4.2 Analyze User Behavior by Device, Source and Location

Welcome to Phase 4 2 Understanding Your Audience
You have already looked at your overall website traffic trends which gave you a big picture view. Now it is time to understand who your visitors are and how they use your website. In this phase we will explore user behavior by different groups. We will look at device categories like mobile or desktop. We will check traffic sources like Google or direct visits. We will also look at where visitors come from such as country or city. Knowing these differences helps you understand your audience better. This makes it easier to create content and marketing that fits their needs.

This step is important to personalize your website experience and to spend your marketing budget wisely.

Why Analyze User Behavior by Segments

Breaking down your audience into groups and studying their behavior gives you valuable insights. Here is why it matters.

Tailor Content Different user groups may want different types of content or have different needs. Knowing this helps you create more relevant content.

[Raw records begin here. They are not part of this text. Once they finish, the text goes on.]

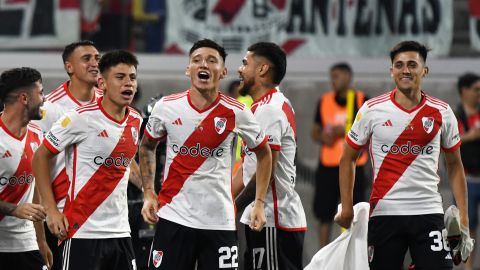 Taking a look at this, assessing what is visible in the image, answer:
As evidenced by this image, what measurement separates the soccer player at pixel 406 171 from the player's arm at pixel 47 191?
226 cm

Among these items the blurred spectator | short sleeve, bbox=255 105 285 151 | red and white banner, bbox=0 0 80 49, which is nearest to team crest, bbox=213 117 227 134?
short sleeve, bbox=255 105 285 151

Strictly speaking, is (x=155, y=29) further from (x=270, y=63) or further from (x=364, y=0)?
(x=270, y=63)

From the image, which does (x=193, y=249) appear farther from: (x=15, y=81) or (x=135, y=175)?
(x=15, y=81)

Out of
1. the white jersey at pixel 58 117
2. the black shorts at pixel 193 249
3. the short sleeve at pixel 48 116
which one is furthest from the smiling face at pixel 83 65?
the black shorts at pixel 193 249

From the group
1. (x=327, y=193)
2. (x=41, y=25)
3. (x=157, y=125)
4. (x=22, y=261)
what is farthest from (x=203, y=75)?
(x=41, y=25)

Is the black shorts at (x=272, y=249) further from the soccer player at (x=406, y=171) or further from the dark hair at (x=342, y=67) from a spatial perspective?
the dark hair at (x=342, y=67)

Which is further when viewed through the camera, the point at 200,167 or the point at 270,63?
the point at 270,63

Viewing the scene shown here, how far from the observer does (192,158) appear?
364 inches

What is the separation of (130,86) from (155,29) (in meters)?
6.63

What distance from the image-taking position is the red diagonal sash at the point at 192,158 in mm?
9250

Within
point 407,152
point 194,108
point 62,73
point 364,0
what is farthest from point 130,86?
point 364,0

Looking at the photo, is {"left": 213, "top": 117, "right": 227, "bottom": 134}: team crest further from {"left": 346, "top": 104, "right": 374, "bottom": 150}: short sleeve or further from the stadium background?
the stadium background

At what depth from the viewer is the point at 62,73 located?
49.8 ft

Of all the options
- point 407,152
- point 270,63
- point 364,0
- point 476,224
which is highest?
point 364,0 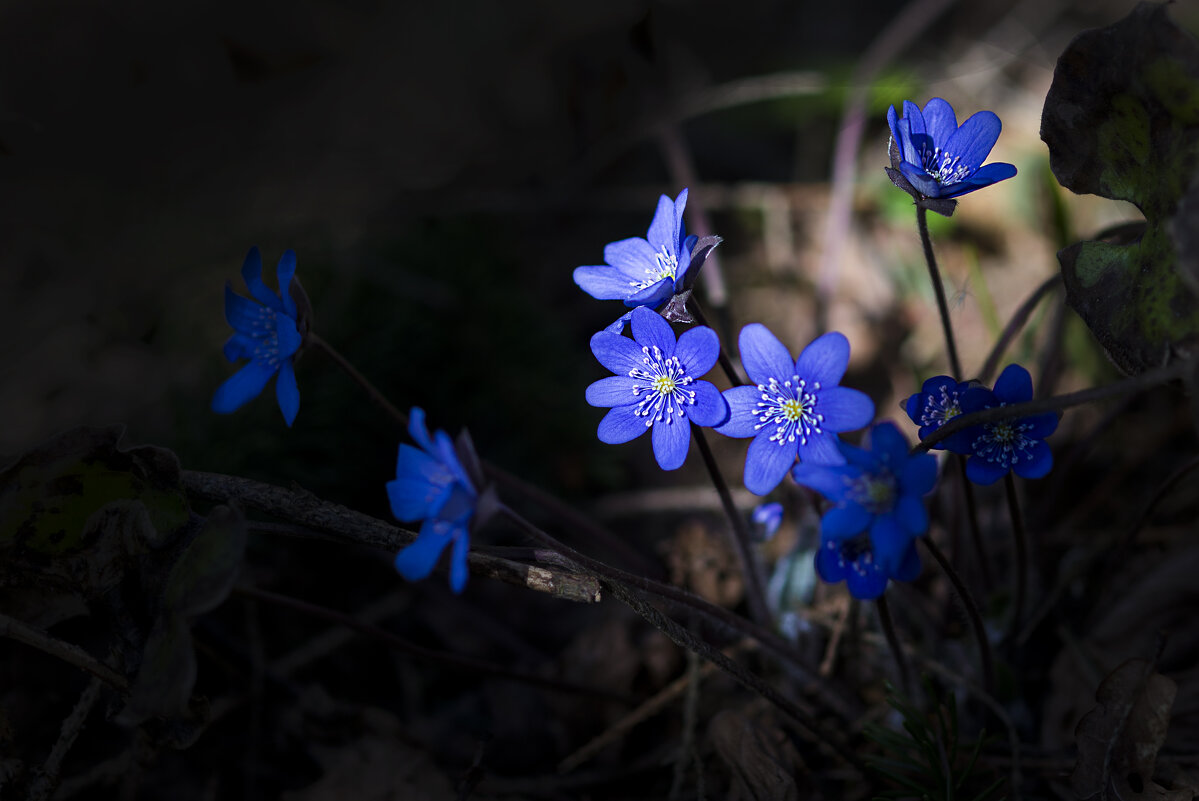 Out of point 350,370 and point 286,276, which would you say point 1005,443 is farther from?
point 286,276

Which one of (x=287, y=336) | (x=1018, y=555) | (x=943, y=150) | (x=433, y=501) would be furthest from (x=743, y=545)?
(x=287, y=336)

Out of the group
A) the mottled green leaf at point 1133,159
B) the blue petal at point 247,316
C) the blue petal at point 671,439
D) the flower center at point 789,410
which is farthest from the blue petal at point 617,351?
the mottled green leaf at point 1133,159

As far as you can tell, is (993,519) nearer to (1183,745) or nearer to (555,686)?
(1183,745)

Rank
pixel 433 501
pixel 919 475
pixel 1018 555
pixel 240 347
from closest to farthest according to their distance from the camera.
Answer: pixel 919 475, pixel 433 501, pixel 240 347, pixel 1018 555

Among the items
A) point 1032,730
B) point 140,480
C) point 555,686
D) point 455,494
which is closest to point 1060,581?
point 1032,730

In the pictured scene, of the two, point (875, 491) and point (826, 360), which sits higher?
point (826, 360)

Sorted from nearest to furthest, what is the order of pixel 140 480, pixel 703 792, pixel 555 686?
pixel 140 480 → pixel 703 792 → pixel 555 686

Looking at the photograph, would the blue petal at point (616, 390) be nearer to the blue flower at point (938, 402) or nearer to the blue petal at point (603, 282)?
the blue petal at point (603, 282) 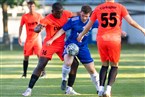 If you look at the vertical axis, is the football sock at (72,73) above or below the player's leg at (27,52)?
above

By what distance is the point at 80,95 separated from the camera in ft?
44.9

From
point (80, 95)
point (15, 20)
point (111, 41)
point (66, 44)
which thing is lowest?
point (15, 20)

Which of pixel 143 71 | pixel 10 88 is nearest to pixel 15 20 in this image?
pixel 143 71

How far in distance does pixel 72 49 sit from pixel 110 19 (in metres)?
1.73

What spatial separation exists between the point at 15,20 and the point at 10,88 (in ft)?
139

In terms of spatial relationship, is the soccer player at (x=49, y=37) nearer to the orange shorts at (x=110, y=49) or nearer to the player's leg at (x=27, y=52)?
the orange shorts at (x=110, y=49)

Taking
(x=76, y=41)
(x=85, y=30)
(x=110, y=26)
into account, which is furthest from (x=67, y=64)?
(x=110, y=26)

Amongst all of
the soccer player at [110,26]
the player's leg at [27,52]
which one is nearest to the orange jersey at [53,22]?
the soccer player at [110,26]

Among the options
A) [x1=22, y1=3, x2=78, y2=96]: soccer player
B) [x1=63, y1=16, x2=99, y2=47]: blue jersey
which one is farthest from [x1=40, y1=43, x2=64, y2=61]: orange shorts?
[x1=63, y1=16, x2=99, y2=47]: blue jersey

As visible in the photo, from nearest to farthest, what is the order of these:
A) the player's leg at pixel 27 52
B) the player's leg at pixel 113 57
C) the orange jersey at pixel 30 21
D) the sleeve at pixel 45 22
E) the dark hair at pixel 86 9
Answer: the player's leg at pixel 113 57 → the dark hair at pixel 86 9 → the sleeve at pixel 45 22 → the orange jersey at pixel 30 21 → the player's leg at pixel 27 52

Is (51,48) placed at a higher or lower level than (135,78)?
higher

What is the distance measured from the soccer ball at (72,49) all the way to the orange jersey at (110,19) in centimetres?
149

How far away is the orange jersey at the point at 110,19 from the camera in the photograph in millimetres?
11805

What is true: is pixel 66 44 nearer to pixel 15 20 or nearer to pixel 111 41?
pixel 111 41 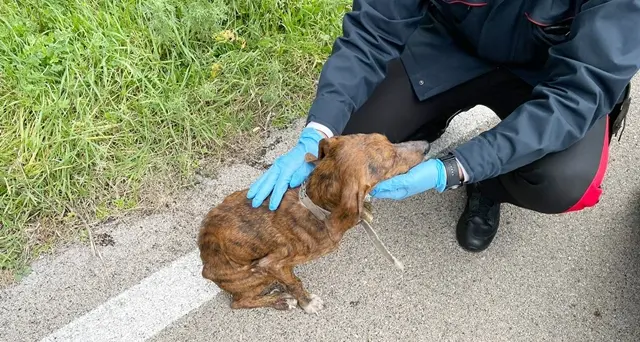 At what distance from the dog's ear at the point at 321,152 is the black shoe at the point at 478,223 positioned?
1131mm

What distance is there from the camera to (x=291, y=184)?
7.91 ft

Optimize User Experience A website that works well on a desktop may not work well on a mobile device. Looking at devices helps you fix these problems.

Improve Marketing Campaigns If some traffic sources bring more active users you can focus your marketing on those channels.

Localize Strategies Understanding where your users come from helps you create content or offers that fit specific places.

Identify Opportunities You can find user groups that are not yet well served or that bring high value. This opens new chances to grow your website.

Analyzing user behavior by segments helps you move beyond general numbers and build more focused and effective plans.

Graph showing website user behavior segmented by device, traffic source and location

Key Metrics for Segmented User Behavior Analysis

To understand how different user groups behave, we focus on these main metrics.

Total Users The count of unique visitors in each group.

Sessions The total number of visits from each group.

Page Views The total number of pages viewed by each group.

Bounce Rate The percentage of visits where users viewed only one page in each group.

Python Code to Analyze User Behavior by Segments

We will write a Python script to fetch your event and user data from SQL Server. It will then group this data by device category traffic source and geographic location. This will show you how different segments interact with your website.

Practical Python Code Example
Here is a basic example of the Python code you will write. This code will connect to your SQL Server database. It will fetch event data. It will then calculate key metrics for each segment.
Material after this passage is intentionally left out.